Slow queries caused by large QueuedJobDescriptor table, and lack of indexes #336

mateusz · 2021-02-19T00:08:41Z

SiteTreeContentReview extension does a global order by query filtered by a where on a non-indexed column (see example query (1) a the end). This query can take minutes to run if the descriptor table is large (in our case, 184k rows), and is triggered by dev/build on all classess with this extension applied, making dev/build take half an hour.

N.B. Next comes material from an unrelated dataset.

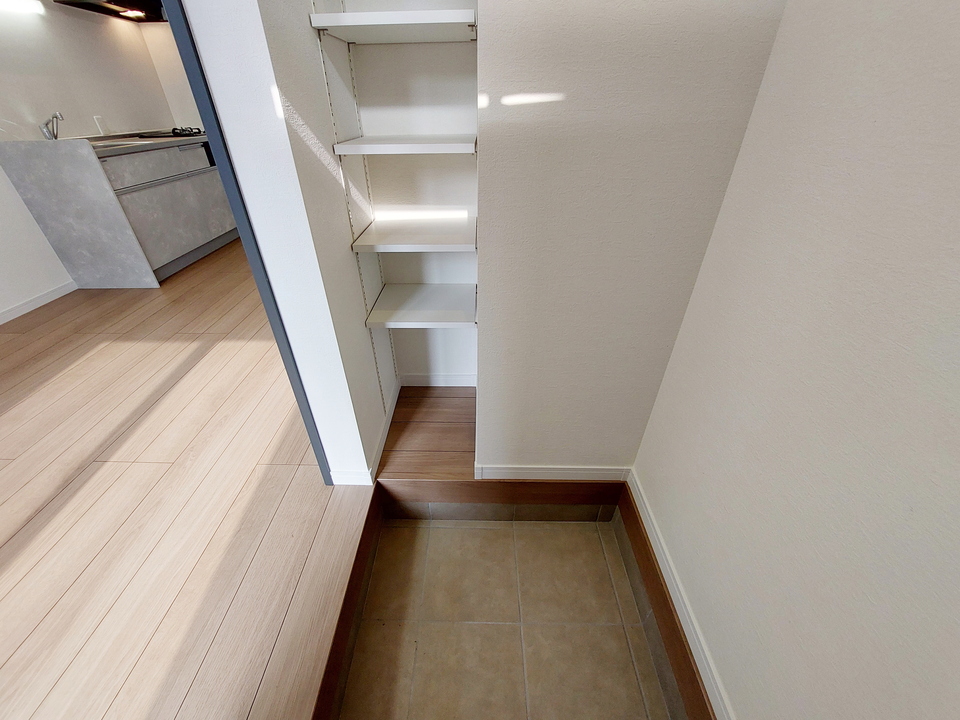 シューズボックス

This behaviour can be potentially triggered from other, unexpected places, taking sites down. Our situation occurred, because the CleanupJob was not ran, as it has to be manually triggered. Manual trigger is not very good because the person deploying must be aware they need to go to the CMS and trigger it, which often doesn't happen.

We'd like to reduce the likelihood for this common failure scenario from occuring and requiring support to step in :)

Suggested solutions:

add indexes to non-indexed columns to make the problem less frequent/less impacting
default CleanupJob to on, and ensure it self-schedules

(1) example query we have seen in the wild, on top of a non-indexed Implementation column. I can confirm the issue is caused by order by. Running similar query on an indexed column is fast. Running similar query without order by is fast as well.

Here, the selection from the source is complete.